On Dec. 8 at 4 p.m., Berkeley City Council will vote on strengthening protections for tenants and homeowners during the ongoing pandemic. This is a welcome development, but in order to truly protect Berkeleyans, the City Council must include all the common-sense protections advocated by stakeholders.
Stakeholders such as the Berkeley Tenants Union, East Bay Community Law Center and Eviction Defense Center have spent months working to strengthen the city’s law suspending evictions and delaying rent during the pandemic. On Oct. 28, the 4×4 Committee on Housing — composed of four council members and four rent board commissioners – unanimously approved a suite of crucial amendments to protect tenants and homeowners from eviction and financial ruin.
Among other changes, these amendments would suspend Ellis Act evictions — when an owner ostensibly intends to withdraw a unit from the rental market — and require any eviction notice to inform the resident of their rights and the significant limits on evictions during the pandemic. Many residents are understandably confused over the various laws regulating evictions and rent during the pandemic, so it’s crucial that they are made aware.
The amendments would also add additional situations in which tenants financially affected by COVID-19 may delay rent as well as provide real penalties for landlords and banks who violate the ordinance. Following the 4×4 Committee meeting, a few changes, such as explicitly prohibiting additional forms of retaliation, were made at the request of tenants’ rights attorneys to close potential loopholes in the law.
All of the amendments are crucial to keeping Berkeleyans in their homes, stopping the spread of COVID-19 and letting us rebuild the economy after the pandemic. If they fail to include any of these provisions — or otherwise water down the proposed amendments — then the City Council members will leave tenants and homeowners at risk of financial ruin, abuse by landlords and banks and even death. This is not an exaggeration; just from the beginning of the pandemic through September, evictions in the United States caused 433,700 coronavirus infections and 10,700 deaths.
Landlords are currently only allowed to evict tenants in Berkeley for threats to health and safety or through the Ellis Act. Even before COVID-19, landlords would threaten tenants with Ellis Act evictions without actually intending to remove a unit from the rental market. This can lead tenants to “self-evict,” creating a giant loophole for landlords to essentially ignore the law. Once long-term rent-controlled tenants leave, landlords can significantly raise the rent.
Numerous jurisdictions, including the city of Los Angeles, have recognized this loophole and banned Ellis Act evictions during the pandemic. Berkeley must join them.
UC Berkeley’s transition to online classes has caused a drop in demand among students for housing in Berkeley. While this may benefit many tenants entering new rental agreements, it can be harmful to continuing tenants who were required to sign lease renewals before the shelter-in-place orders began. Not only are many unable to bargain for a rent reduction, but they also may not be able to find replacement tenants.
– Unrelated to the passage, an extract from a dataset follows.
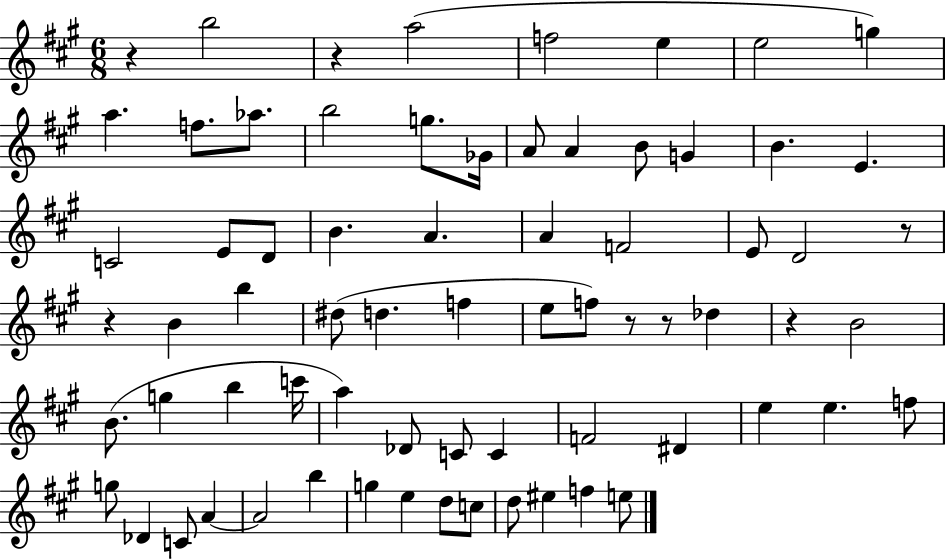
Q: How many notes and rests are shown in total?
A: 70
This leaves them with an unwinnable choice: Delay taking on new roommates while having to pay the full share of the rent until they find a replacement, or take on a higher share of the rent in order to immediately have a new roommate.
In order to prevent judicial misinterpretation, the 4×4 Committee unanimously recommended amending the law to clarify that both such scenarios are covered reasons to delay rent. The proposal would also explicitly ban landlords from retaliating against tenants by refusing to rent them a different unit or giving them a worse lease than they would otherwise offer, encouraging other landlords to do so or causing harm to their credit rating. It is crucial that the City Council explicitly ban these shameful tactics to ensure that landlords cannot continue to intimidate tenants from exercising their rights.
The 4×4 Committee also voted to significantly strengthen the penalties in civil court and copy the county ordinance’s authorization of administrative fines and criminal prosecutions for landlords who violate the law. The weak existing penalties leave room for landlords who are fully aware of their obligations to violate the law. Considering that evictions are causing significant death nationwide, these enhanced penalties the committee recommended are more than fair.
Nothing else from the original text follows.